Parmi les 90 clés : où se trouve la biodiversité, avec quelles espèces animales et végétales, qui sont les indésirables, pourquoi planter des arbres en ville, lesquels, quelles sont les plantes sauvages les plus courantes, quels animaux sauvages migrent en ville, comment s'adaptent-ils, et comment gérer certains envahissements, etc.
Si la nature en ville procure aux humains de nombreux bienfaits, elle offre aussi à certains animaux de nouveaux refuges.
Un petit guide foisonnant et passionnant.

Éditions Quae, 2022, 168 pages.

Cette chronique est parue dans le n° 34 du magazine Sans Transition !

Songes et jungles malgaches

Marie Ranjanoro, dont la nouvelle Les Époux a été publiée dans la revue Kanyar et la nouvelle La Vieille dans la revue L'Ampoule, signe un premier roman envoûtant : Feux, fièvres, forêts.
Son écriture poétique nous entraîne sur les traces de destins croisés à Madagascar vers 1947.
D'une part, deux très jeunes filles quittent leur village perdu dans la forêt et suivent leur destin vers la ville, de transes en traversées de la réalité.
En parallèle, il y a l'histoire du lieutenant Pierre Gallois d'Haurousse, au caractère imprévisible et trouble, qui est envoyé dans la Grande Île pour capturer une cheffe insurgée.
Il est escorté par un tirailleur sénégalais dont l'humanité transcende l'histoire.

Ce que je vais dire ici, je ne sais pas si je m'en souviens ou si on me l'a raconté.

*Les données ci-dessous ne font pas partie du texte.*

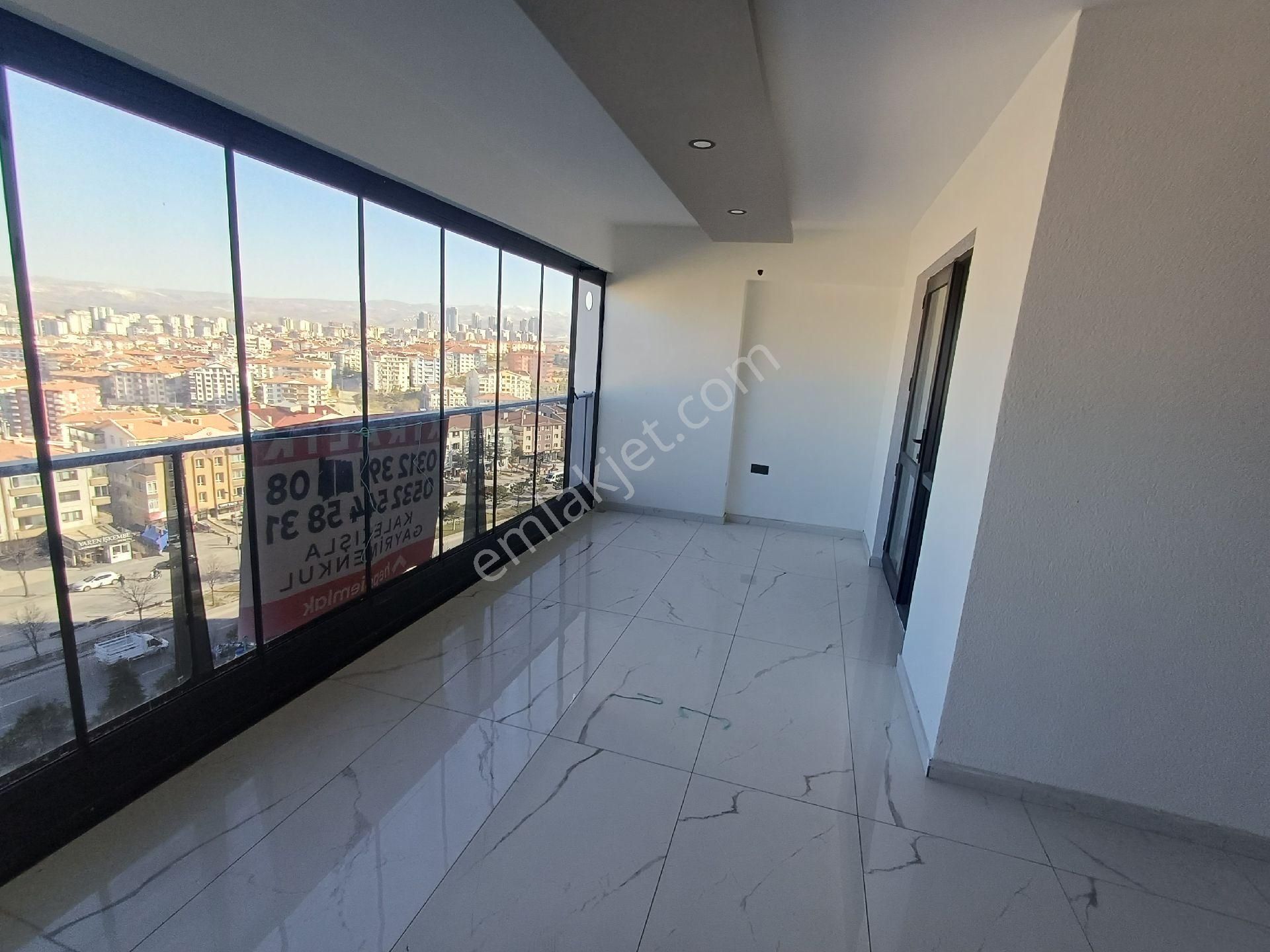 Kalekışladan Manzaralı Ful Yapılı Geniş Önü Açık Kiralık 4+1daire - Görsel 8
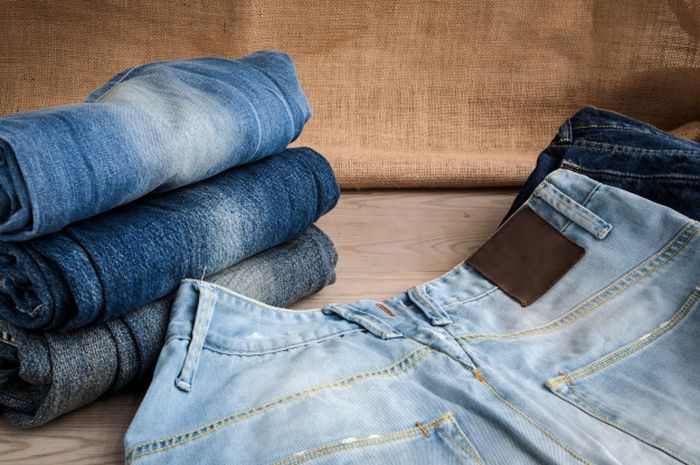Nggak Perlu Repot Buat Laundry, Begini Tips Mencuci Celana Jeans dengan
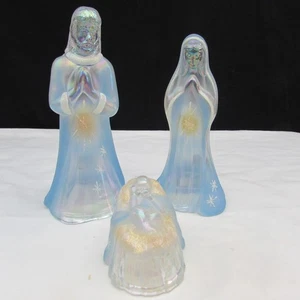 Fenton Crystal Iridized Holy Family Hand Painted 3 pc. Nativity Set 2001 W32 - Picture 1 of 16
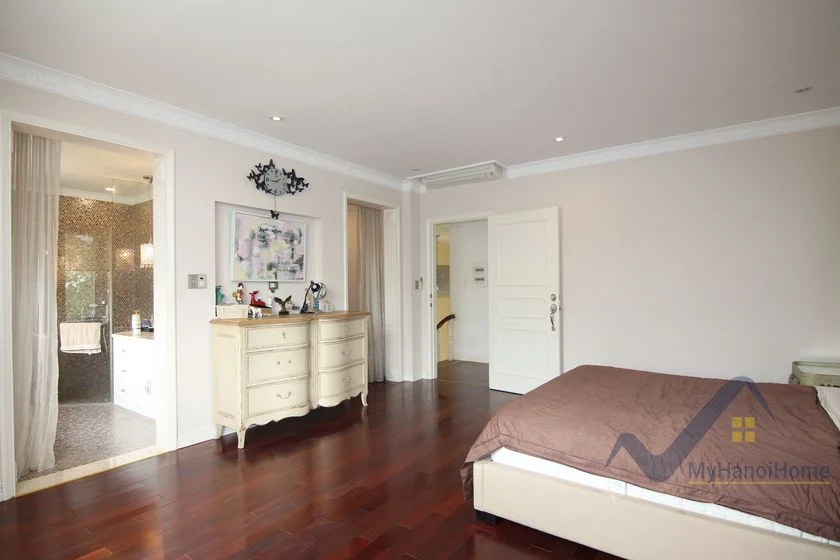 Xem ảnh 9: Ảnh 9: Thuê biệt thự Vinhomes Riverside đơn lập có thang máy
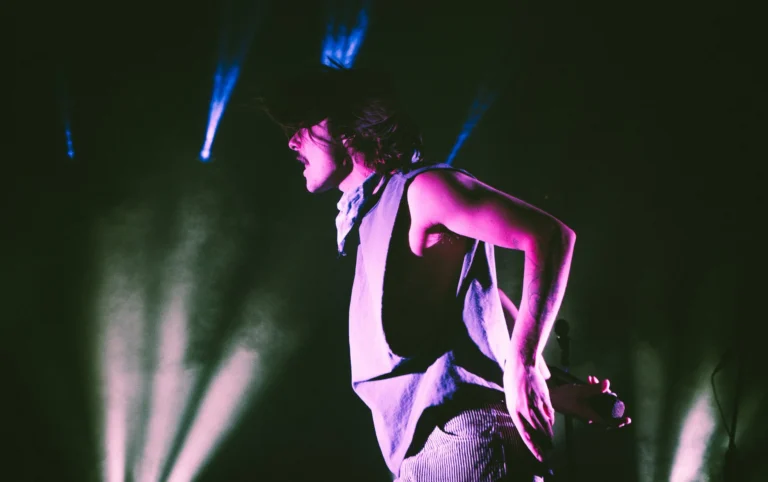 Photo Gallery: Goth Babe, flipturn, and Yoke Lore at Roadrunner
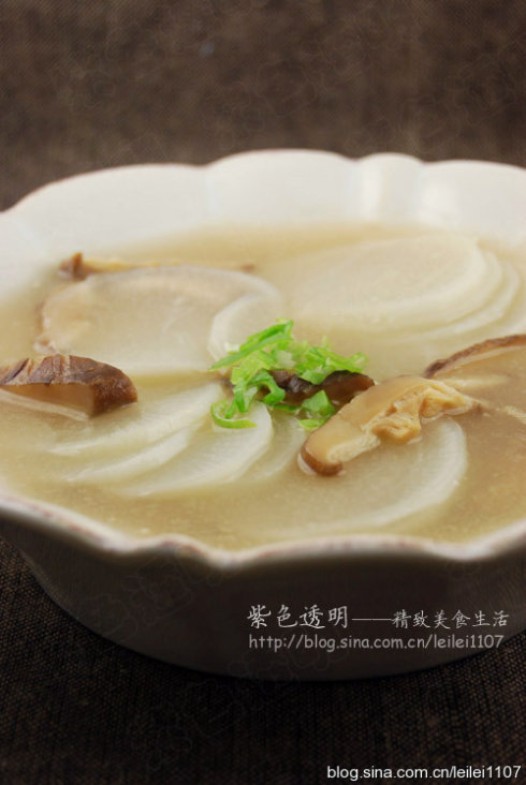 白萝卜暖身汤的做法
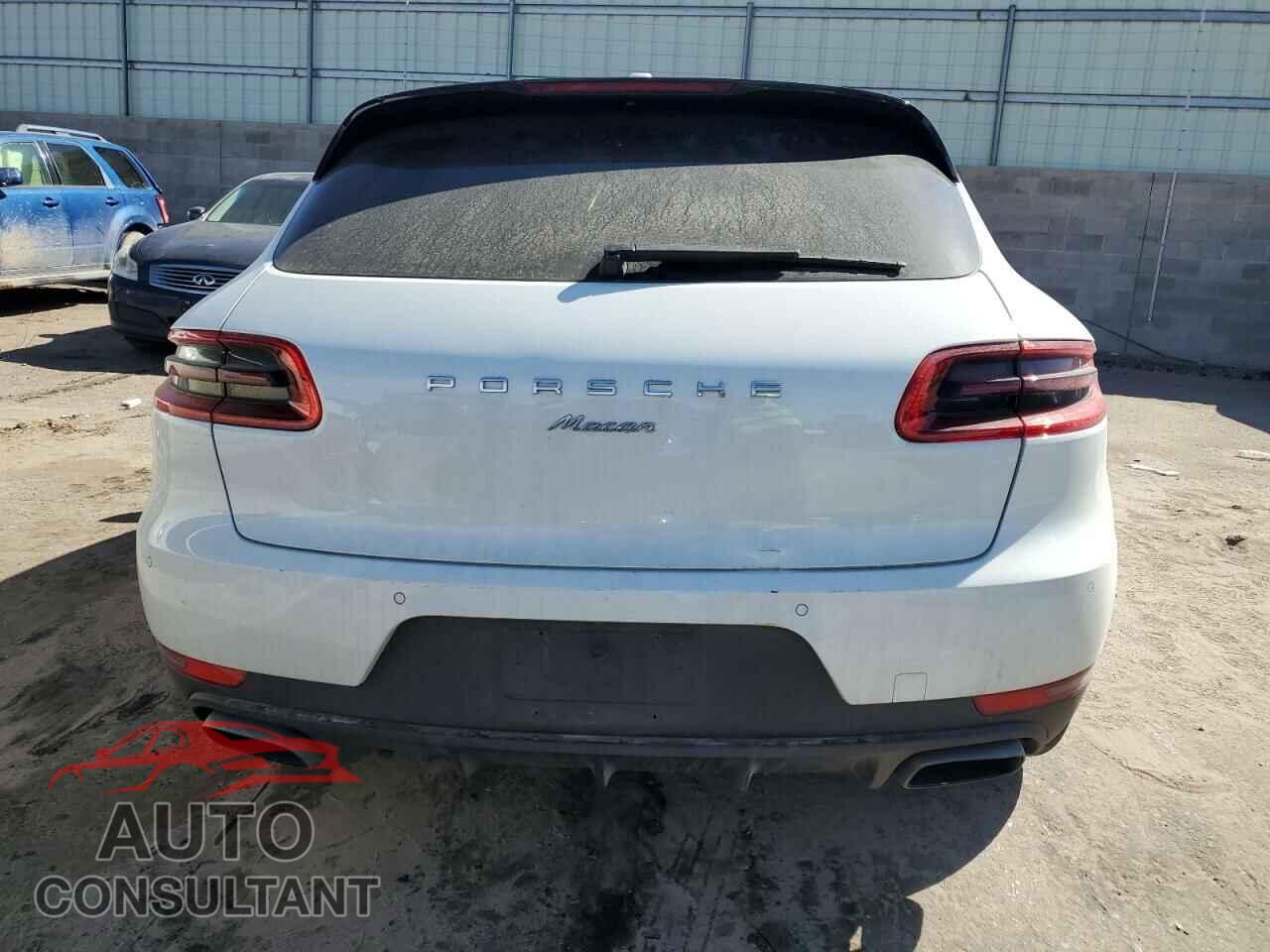 PORSCHE MACAN 2018 - WP1AA2A50JLB01643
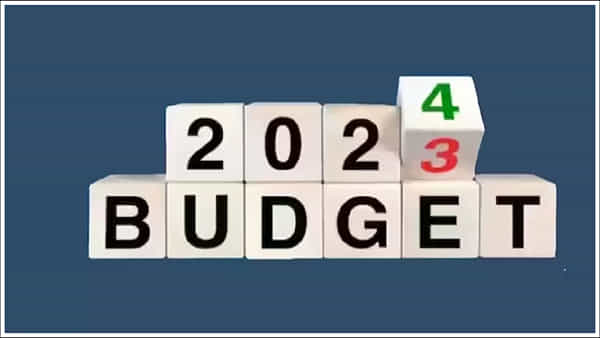 Budget 2024: ఈ బడ్జెట్లో కేంద్ర సర్కార్ మహిళలపై కీలక ప్రకటన చేయనుందా..?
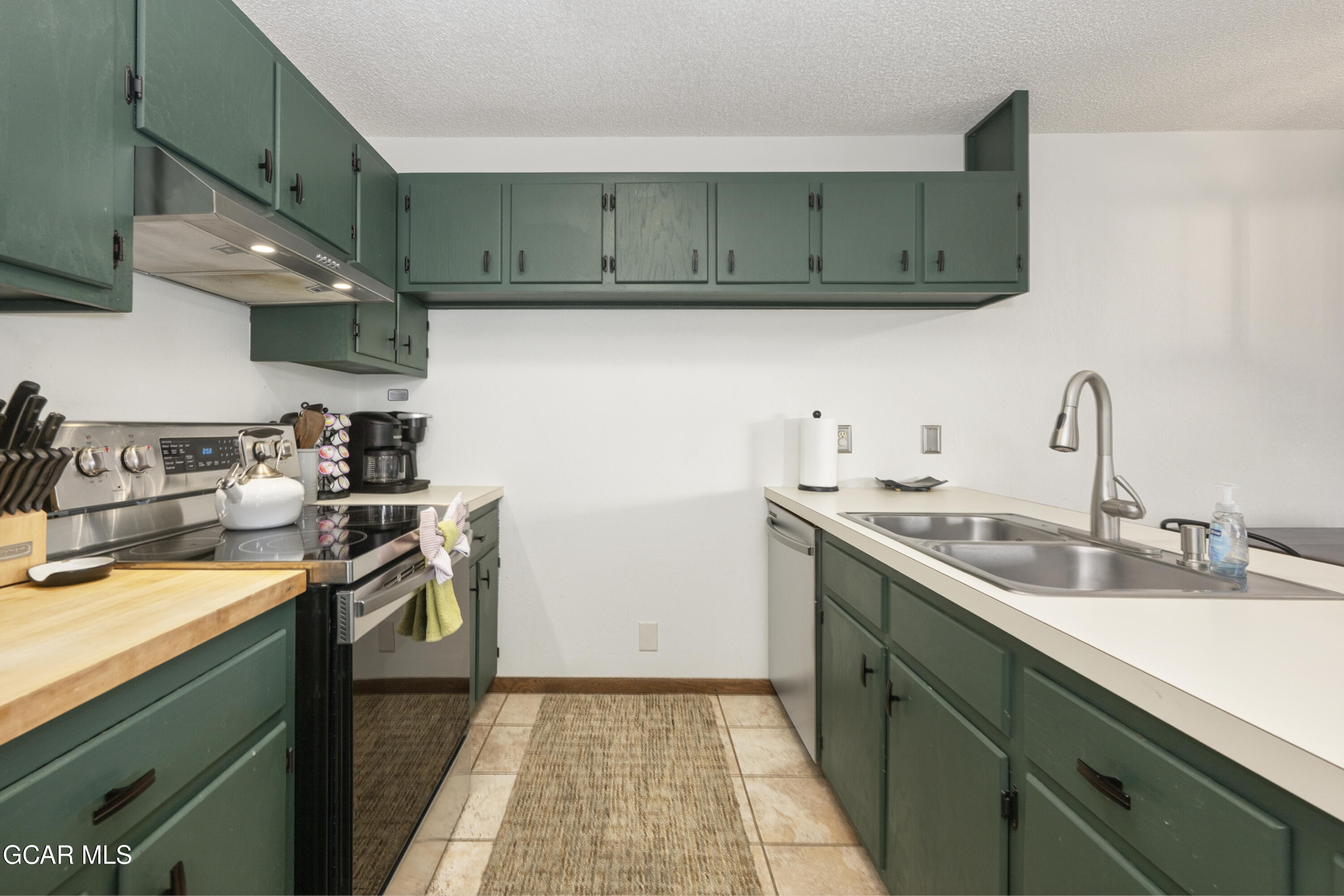 80 County Road 8500 C201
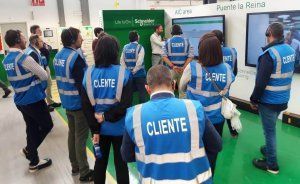 Un momento de la visita a la fábrica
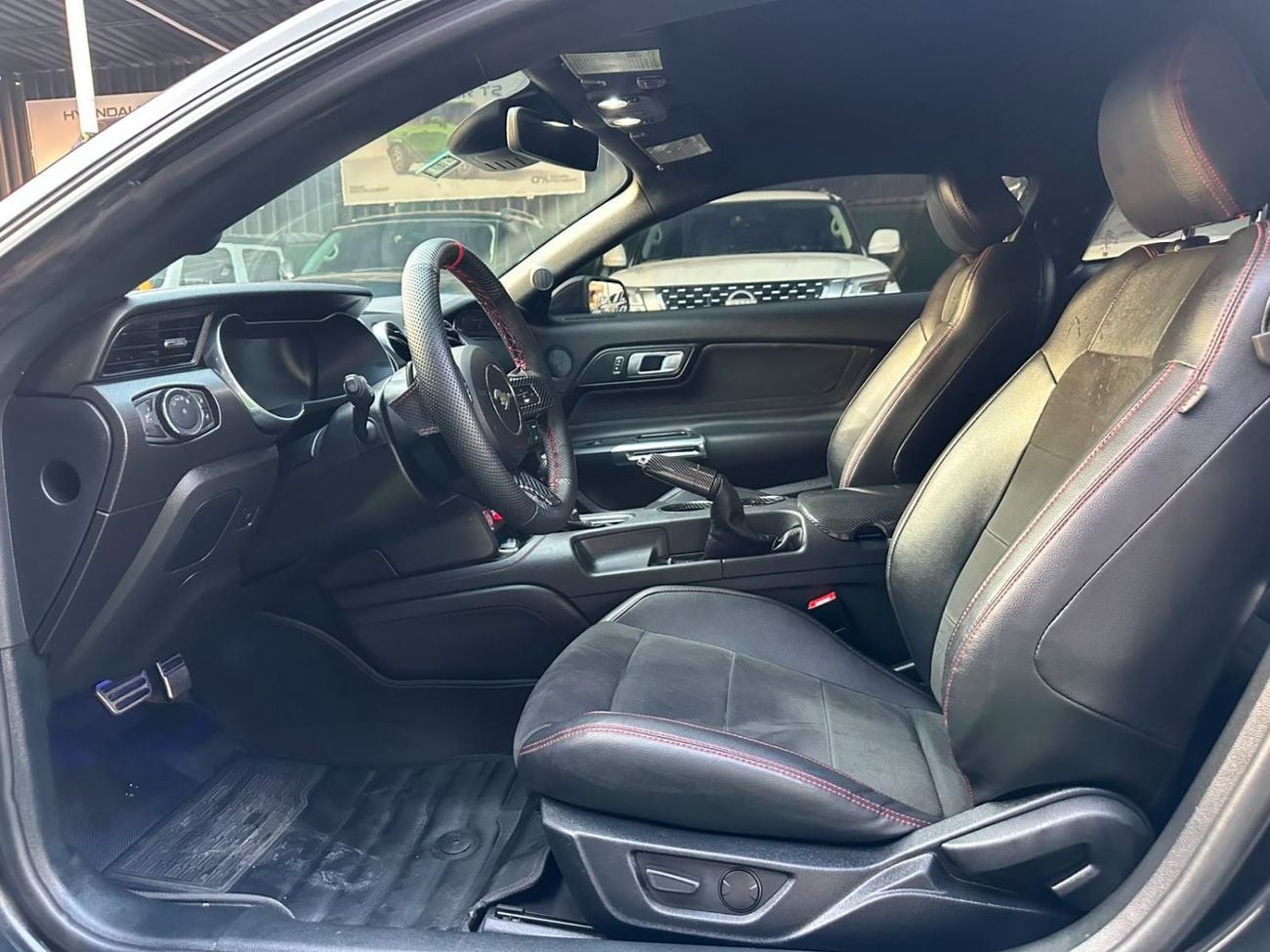 Ford Mustang GT PREMIUM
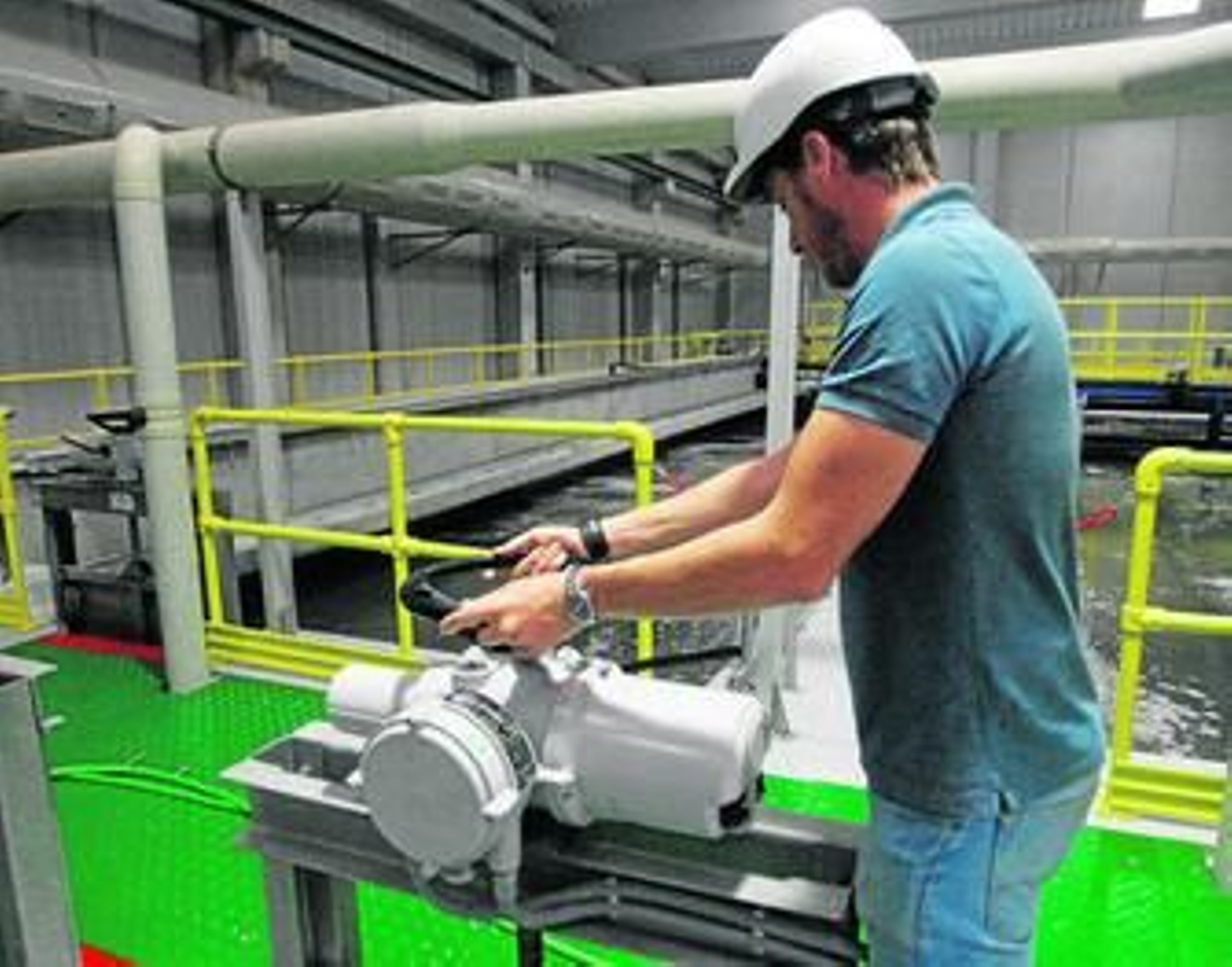 Un trabajador de la EDAR de Algeciras, en una imagen reciente.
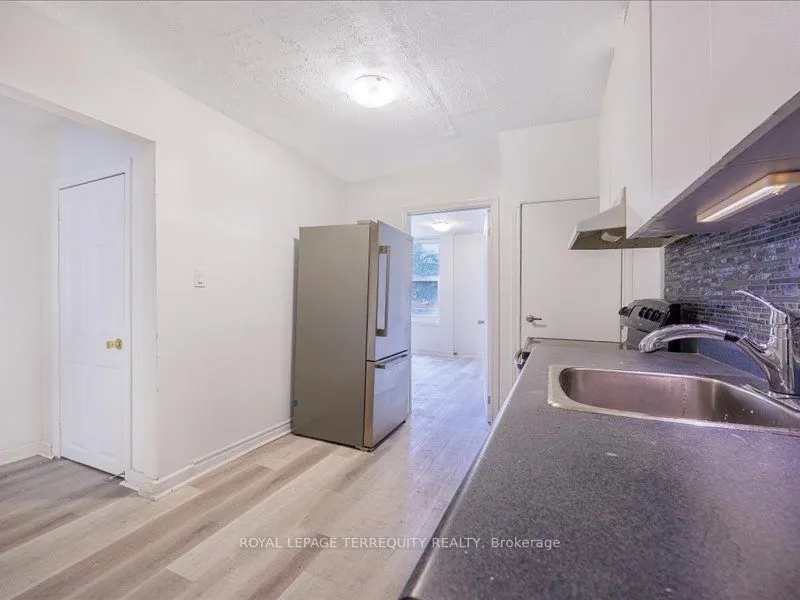 166 Main Street N, #1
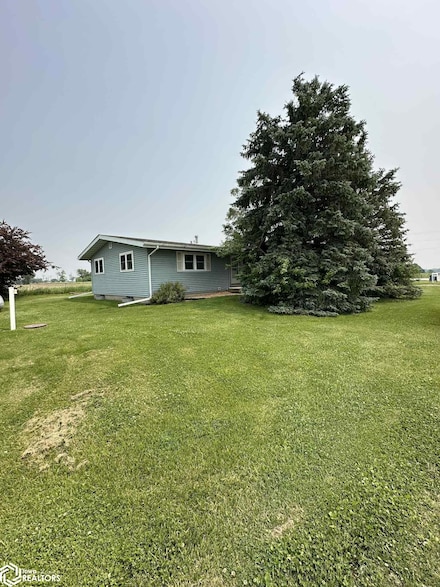 1947 Willow Blvd, Lockridge, IA 52635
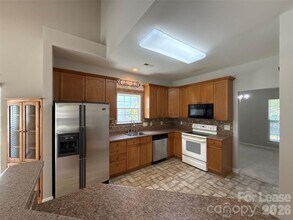 2140 Pineapple Ct in Matthews, NC - Building Photo - Building Photo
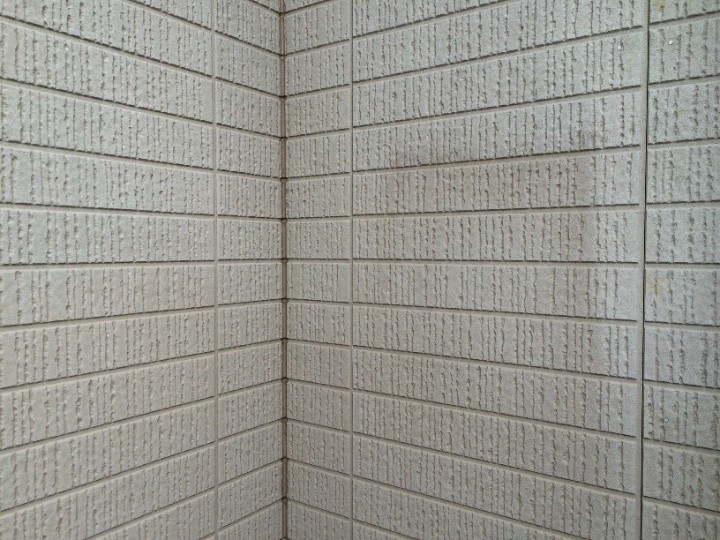 コーキングが劣化したサイディング外壁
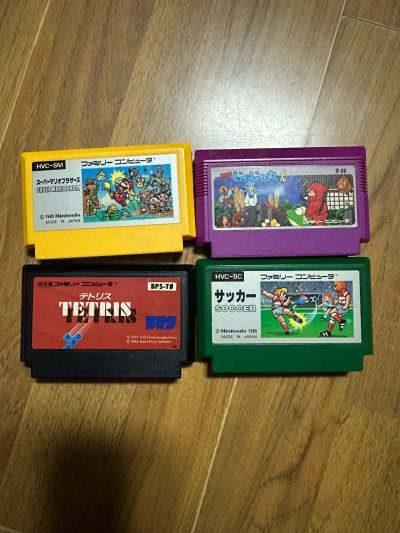 这次到货的东西有很多，fc卡带读取都正常，成色也很好！又抢到一张价格不错的生化危机历代记。然后就是压轴的ngc版维罗妮卡版本，真的新！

Mais le souvenir, je le vois, comme je vous vois, je l'entends, comme je vous entends, et je crois aussi sentir l'odeur du bois, du sisal tressé et de la sueur. Un souffle soulève la poussière. Dans la maison, on entend un râle continu et les murmures des femmes. Toujours, je me suis réveillée et endormie au son de leurs voix. Comme un fil que rien ne rompt jamais, ce son accompagne chaque instant de ma vie. Il fait sombre dans la maison. Il fait lourd, et comme un air palpable. Ici, et dans toutes les maisons, la seule lumière c'est un grand carré blanc qu'on ouvre et qu'on ferme et qui bruit des choses du dehors. La pénombre est silence, et la lumière est bruit. Ce sont aussi des milliers d'étoiles percées entre les palmes du toit.

L'autrice crée un univers fiévreux, aux confins de la magie et de la sorcellerie des contes et légendes, en lien avec l'histoire malgache et française, avec des thèmes très contemporains comme le féminisme et les rapports dominants-dominés.
Un roman d'une grande poésie où l'on plonge en retenant son souffle.

Laterit éditions, 2023, 230 pages.

La magnifique couverture appelle à la fois le pelage d'un animal ou une forêt vu d'avion. C'est un détail de l’œuvre d'Ambi, une artiste malgache engagée contre la déforestation : Brûlures sur soga (20 x 30 cm).